Four types of standard treatment are used:
Chemotherapy
Chemotherapy is a cancer treatment that uses drugs to stop the growth of cancer cells, either by
killing the cells or by stopping them from dividing. When chemotherapy is taken by mouth or
injected into a vein or muscle, the drugs enter the bloodstream and can reach cancer cells
throughout the body (systemic chemotherapy). When chemotherapy is placed directly into the
cerebrospinal fluid (intrathecal), an organ, or a body cavity such as the abdomen, the drugs
mainly affect cancer cells in those areas (regional chemotherapy). Combination chemotherapy is
treatment using more than one anticancer drug. The way the chemotherapy is given depends on
the type of the cancer being treated.
Intrathecal chemotherapy or high doses of chemotherapy injected into a vein may be used to
treat childhood ALL that has spread, or may spread, to the brain and spinal cord. When used to
prevent cancer from spreading to the brain and spinal cord, it is called central nervous system
(CNS) sanctuary therapy or CNS prophylaxis. CNS sanctuary therapy is given in addition to
chemotherapy by mouth or vein that is intended to kill leukemia cells in the rest of the body. All
children with ALL receive CNS sanctuary therapy as part of their treatment.
Radiation therapy
Radiation therapy is a cancer treatment that uses high-energy x-rays or other types of radiation
to kill cancer cells or keep them from growing. There are two types of radiation therapy. External
radiation therapy uses a machine outside the body to send radiation toward the cancer. Internal
radiation therapy uses a radioactive substance sealed in needles, seeds, wires, or catheters that
are placed directly into or near the cancer. External radiation therapy may be used to treat
childhood ALL that has spread, or may spread, to the brain and spinal cord. When used this way,
it is called central nervous system (CNS) sanctuary therapy or CNS prophylaxis.

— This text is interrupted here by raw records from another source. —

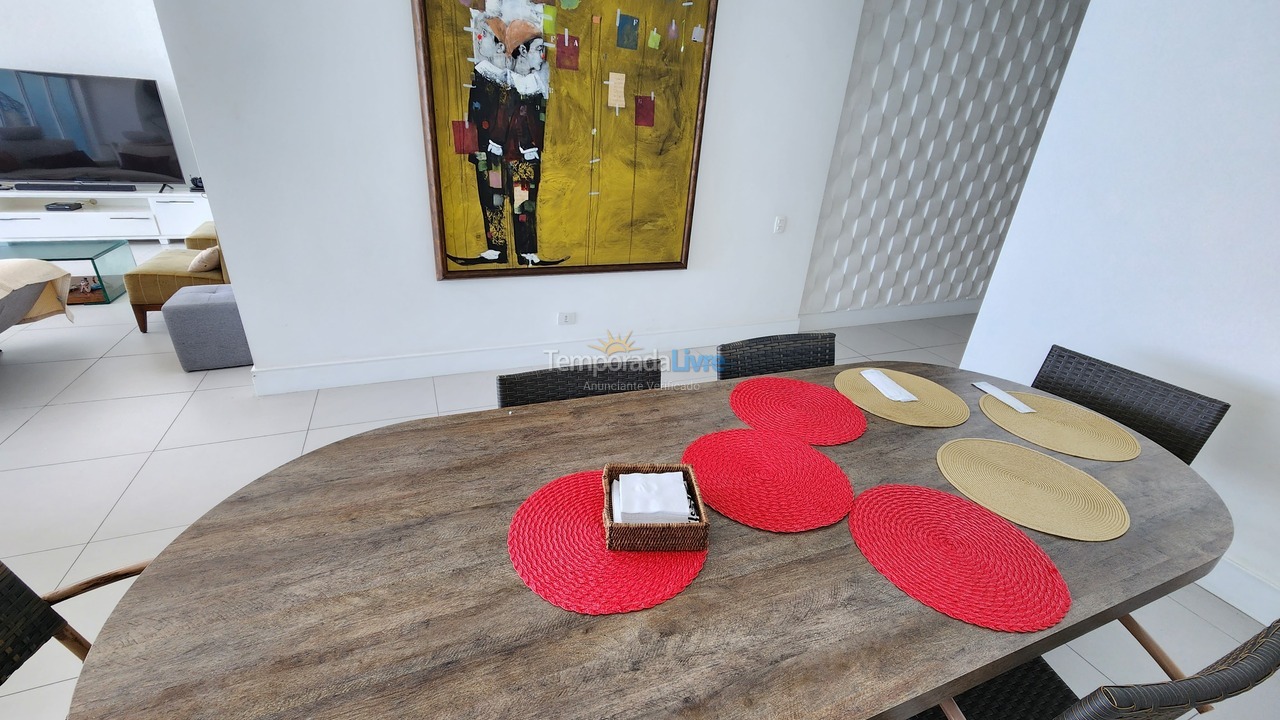 Apartamento para alquiler de vacaciones em Guarujá (Pitangueiras)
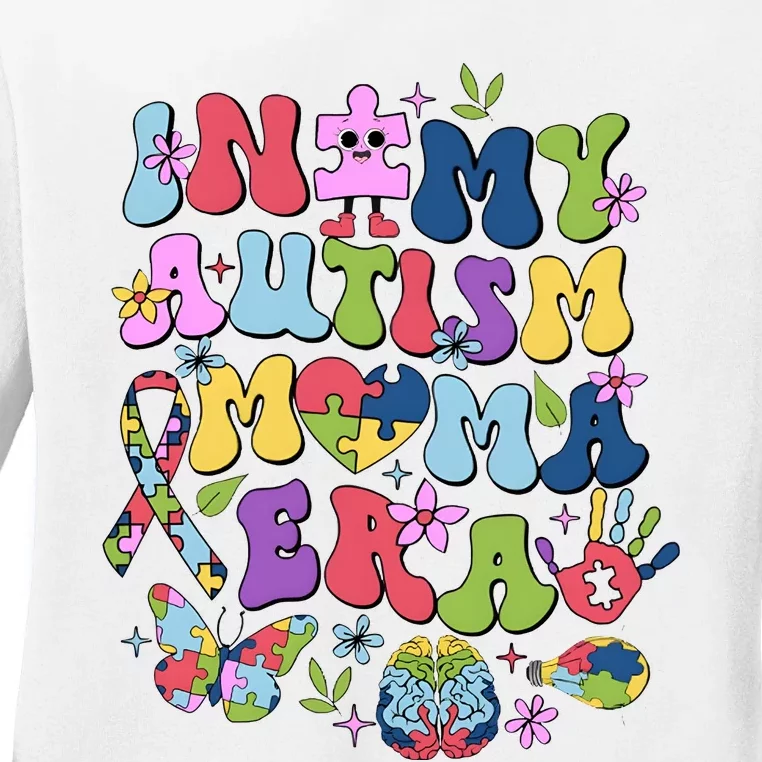 In My Autism Awareness Mama Era Autism Puzzle Ladies Long Sleeve Shirt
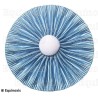 Cocarde bleue avec bouton blanc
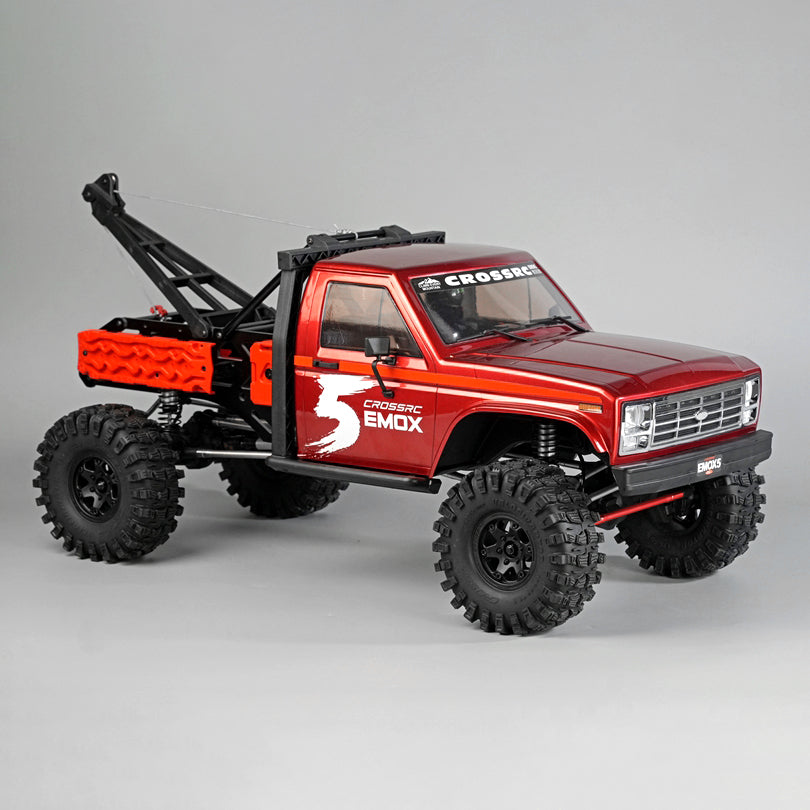 CROSSRC EMO X5 Big Rock Tahr 1/8 Off-Road RC Crawler red artr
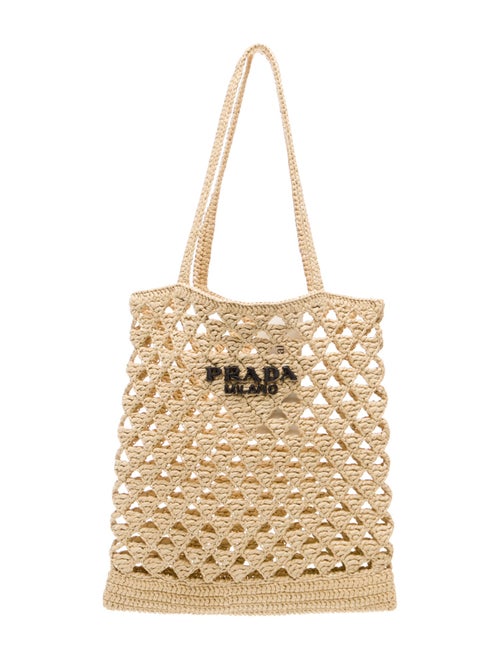 Prada Raffia Grass Tote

Because radiation therapy to the brain can affect growth and brain development in young
children, many children with ALL are treated without radiation therapy. Radiation therapy to the
brain and spinal cord is sometimes used as CNS sanctuary therapy to treat children and
teenagers in the high risk group. Clinical trials are studying new ways of using radiation therapy
that may have fewer side effects, including giving lower doses of radiation.

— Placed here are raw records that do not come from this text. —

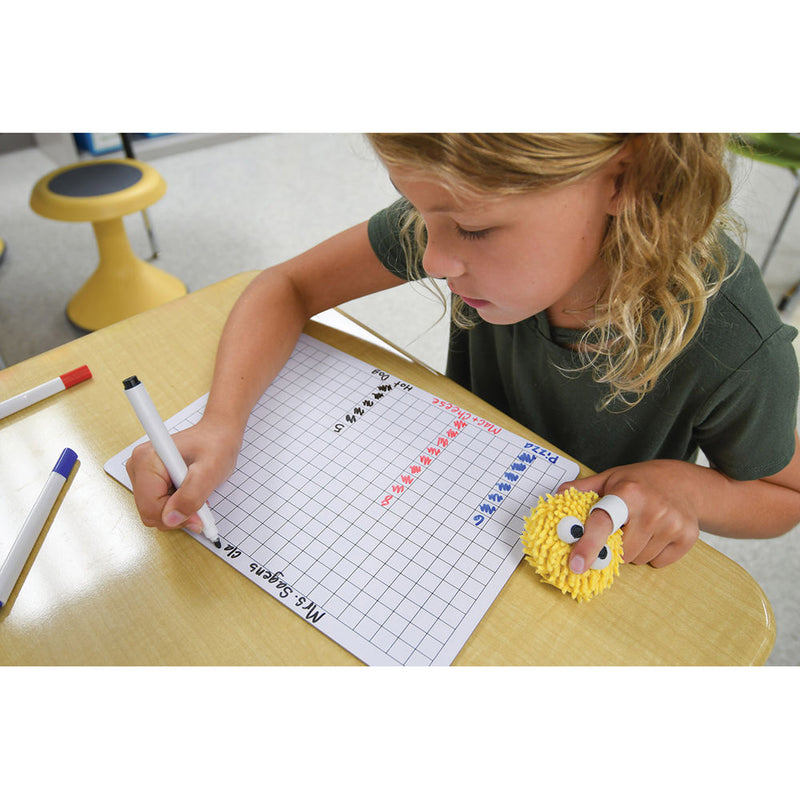 2 Sided Math Whiteboards 1-2in Grid Plain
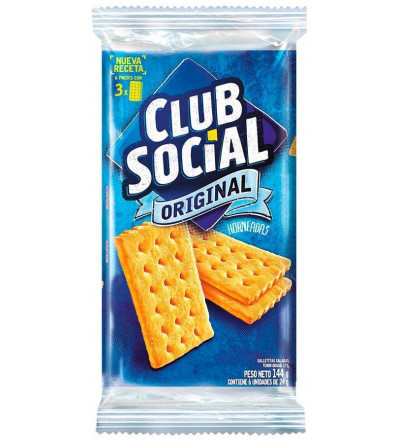 GALLETA CLUB SOCIAL ORIGINAL X 6 UNIDADES
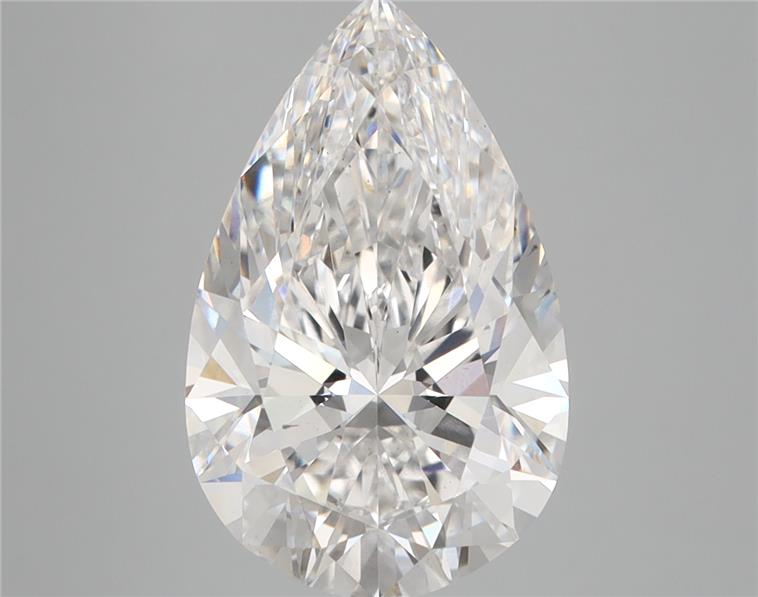 IGI 4.05 Carat Pear Lab Grown Diamond 人工培育鑽石 實驗室人造鑽石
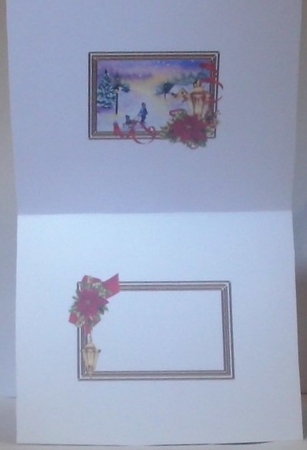 Sleigh ride home insert by Hazel Underwood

Chemotherapy with stem cell transplant
Stem cell transplant is a method of giving very high doses of chemotherapy and sometimes
radiation therapy, and then replacing the blood-forming cells destroyed by the cancer treatment.

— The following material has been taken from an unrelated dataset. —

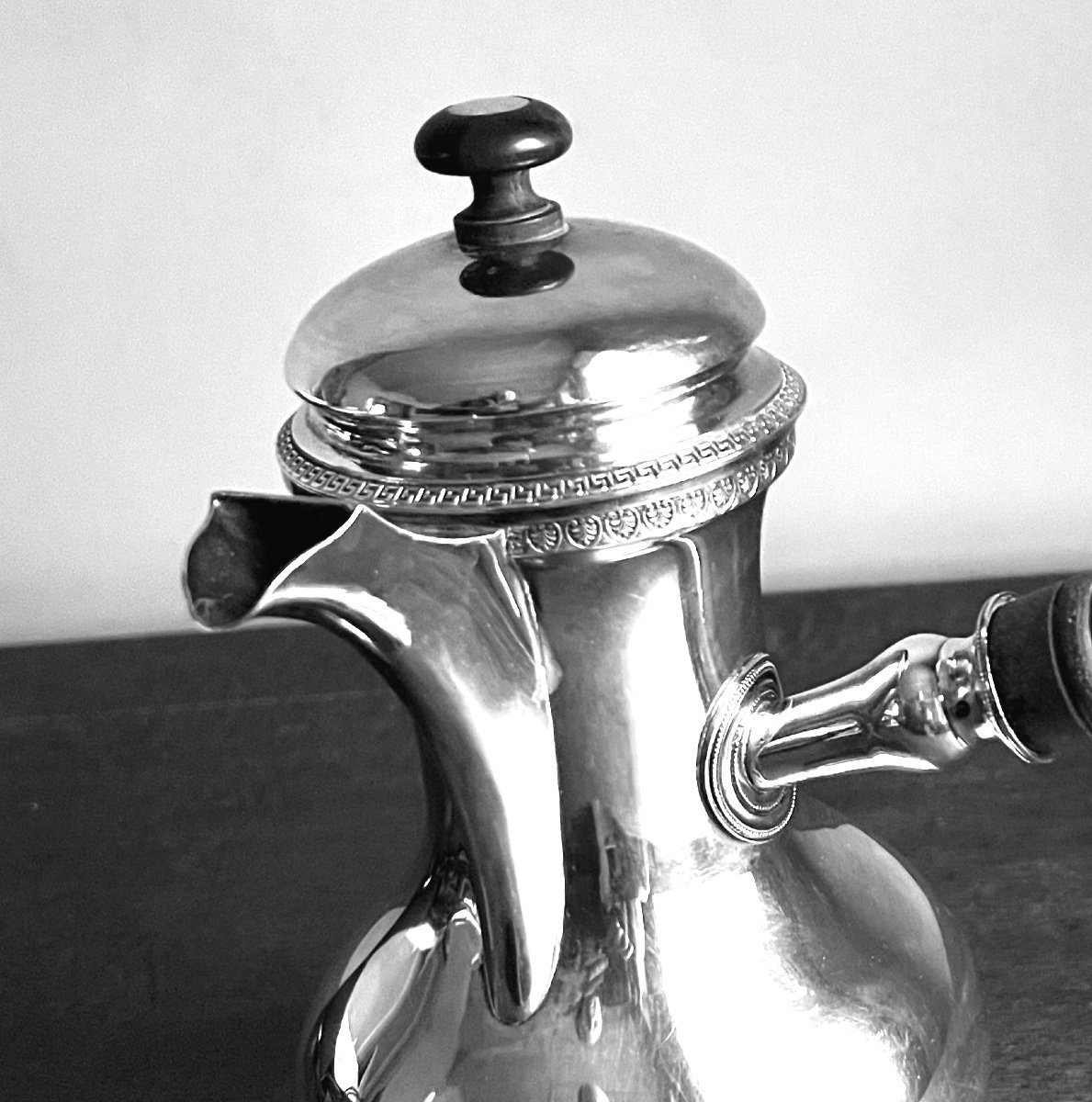 Marabout Coffee Pot In Silver Empire Period, Dutalis Germain In Brussels 1798-1809-photo-2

Stem cells (immature blood cells) are removed from the blood or bone marrow of a donor. After
the patient receives very high doses of chemotherapy and sometimes radiation therapy, the
donor's stem cells are given back to the patient through an infusion. These reinfused stem cells
grow into (and restore) the patient's blood cells. A stem cell transplant may use stem cells from a
donor who is or is not related to the patient.
Stem cell transplant is rarely used as initial treatment for children and teenagers with ALL. It is
used more often as part of treatment for ALL that relapses (comes back after treatment).
Targeted therapy
Targeted therapy is a treatment that uses drugs or other substances to identify and attack
specific cancer cells without harming normal cells.
Tyrosine kinase inhibitors (TKIs) are targeted therapy drugs that block the enzyme, tyrosine
kinase, which causes stem cells to develop into more white blood cells (granulocytes or blasts)
than the body needs. For example, imatinib mesylate (Gleevec) is a TKI used in the treatment of
children with Philadelphia chromosome -positive ALL.